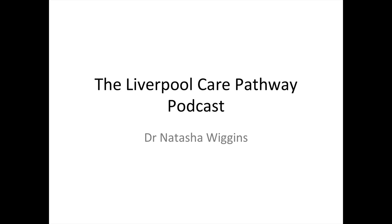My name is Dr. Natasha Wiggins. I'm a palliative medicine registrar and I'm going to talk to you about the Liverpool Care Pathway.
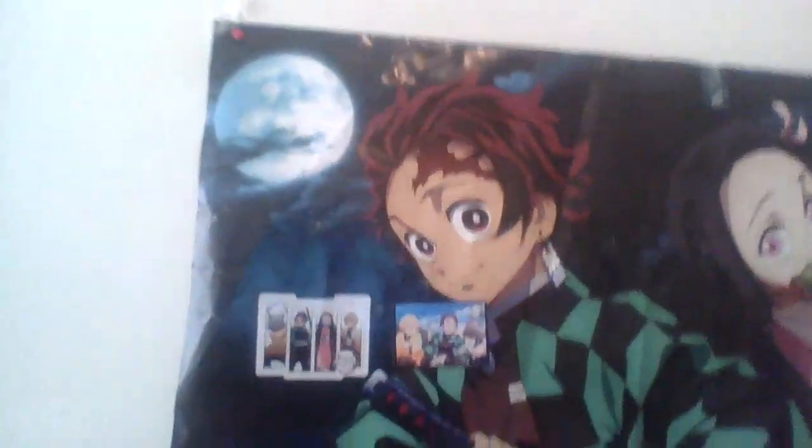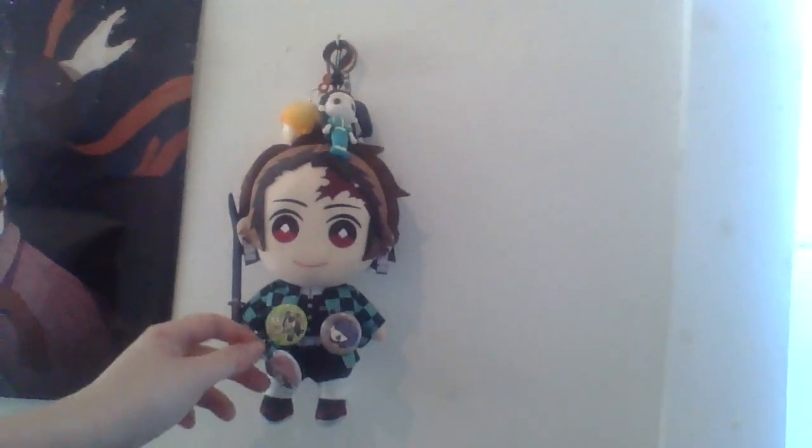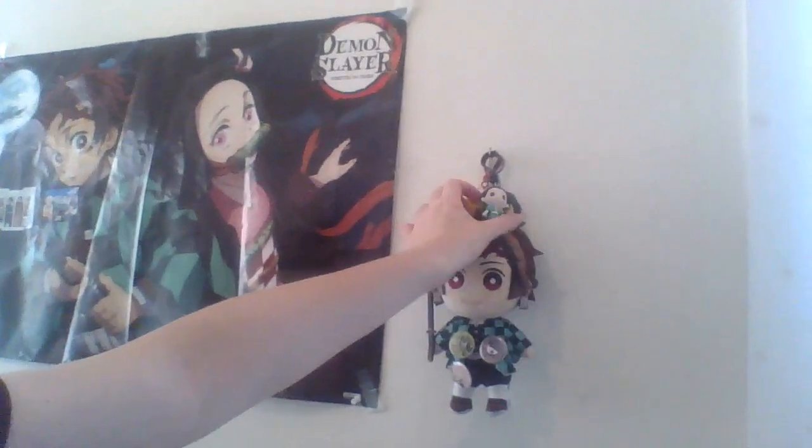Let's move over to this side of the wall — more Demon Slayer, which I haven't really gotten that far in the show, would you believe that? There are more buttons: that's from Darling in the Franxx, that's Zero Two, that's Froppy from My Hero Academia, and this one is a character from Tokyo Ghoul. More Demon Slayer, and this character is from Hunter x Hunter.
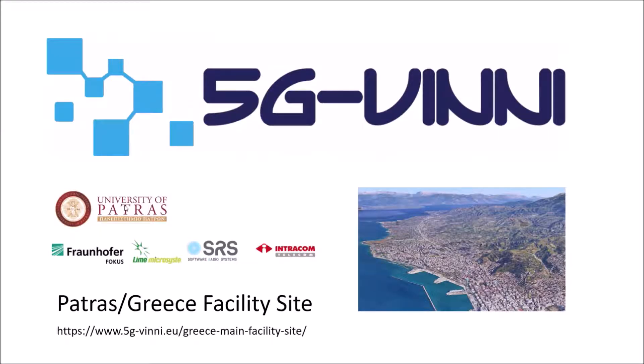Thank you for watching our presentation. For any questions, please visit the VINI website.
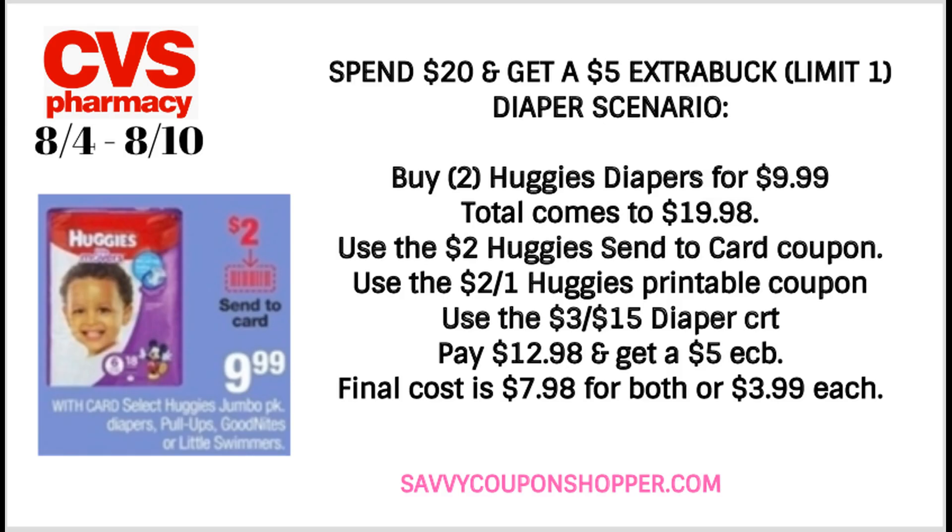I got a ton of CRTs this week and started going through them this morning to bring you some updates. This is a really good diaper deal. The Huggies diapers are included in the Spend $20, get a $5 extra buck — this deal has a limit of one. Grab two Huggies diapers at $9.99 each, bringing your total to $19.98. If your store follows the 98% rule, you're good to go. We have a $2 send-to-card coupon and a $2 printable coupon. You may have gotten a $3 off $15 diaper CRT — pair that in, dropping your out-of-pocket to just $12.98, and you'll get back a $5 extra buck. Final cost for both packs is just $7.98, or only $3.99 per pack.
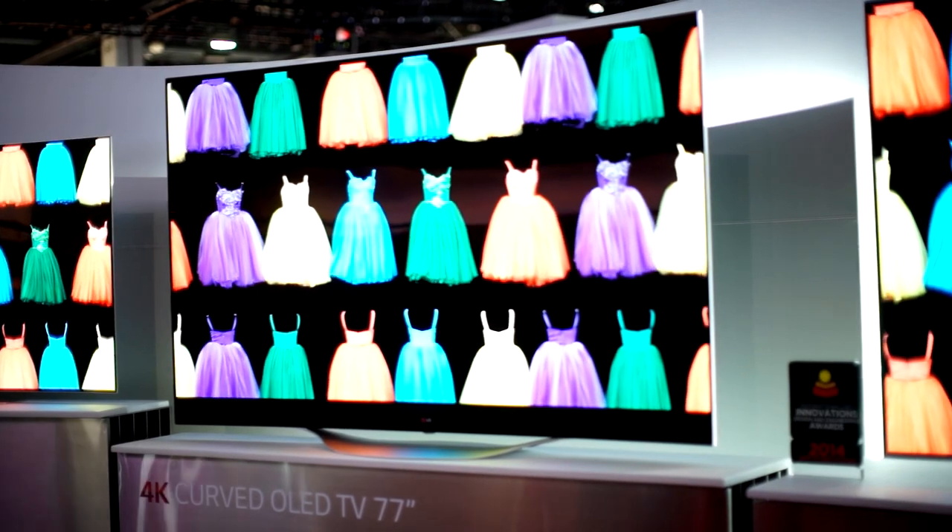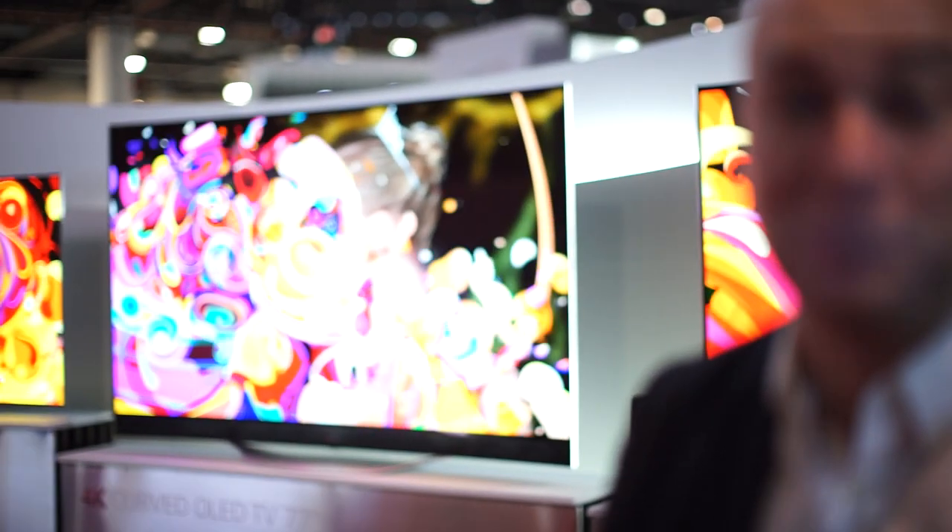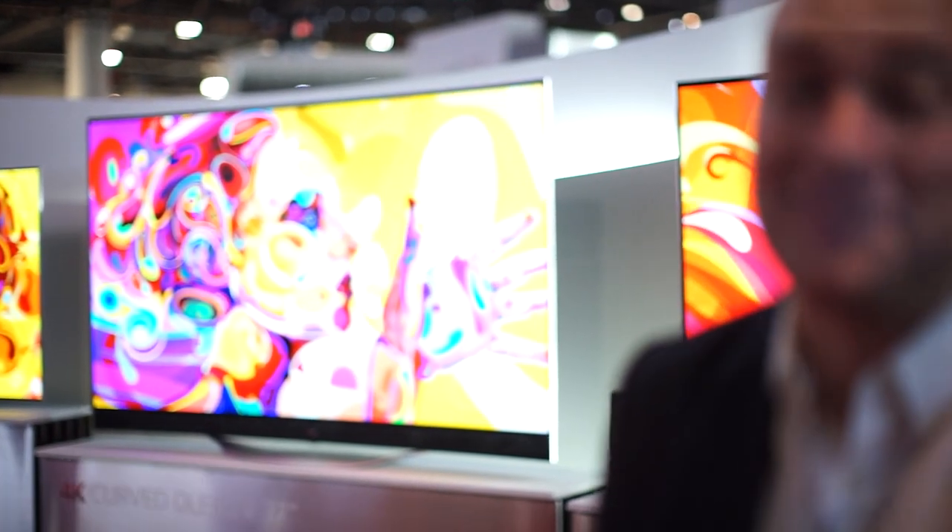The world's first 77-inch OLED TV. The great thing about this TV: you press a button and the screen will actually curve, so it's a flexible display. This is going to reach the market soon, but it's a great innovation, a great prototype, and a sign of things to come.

== == ==

Write out the data word for word, with every picture dropped.

My name is Dr. Natasha Wiggins. I'm a palliative medicine registrar and I'm going to talk to you about the Liverpool Care Pathway.
Let's move over to this side of the wall — more Demon Slayer, which I haven't really gotten that far in the show, would you believe that? There are more buttons: that's from Darling in the Franxx, that's Zero Two, that's Froppy from My Hero Academia, and this one is a character from Tokyo Ghoul. More Demon Slayer, and this character is from Hunter x Hunter.
Thank you for watching our presentation. For any questions, please visit the VINI website.
I got a ton of CRTs this week and started going through them this morning to bring you some updates. This is a really good diaper deal. The Huggies diapers are included in the Spend $20, get a $5 extra buck — this deal has a limit of one. Grab two Huggies diapers at $9.99 each, bringing your total to $19.98. If your store follows the 98% rule, you're good to go. We have a $2 send-to-card coupon and a $2 printable coupon. You may have gotten a $3 off $15 diaper CRT — pair that in, dropping your out-of-pocket to just $12.98, and you'll get back a $5 extra buck. Final cost for both packs is just $7.98, or only $3.99 per pack.
The world's first 77-inch OLED TV. The great thing about this TV: you press a button and the screen will actually curve, so it's a flexible display. This is going to reach the market soon, but it's a great innovation, a great prototype, and a sign of things to come.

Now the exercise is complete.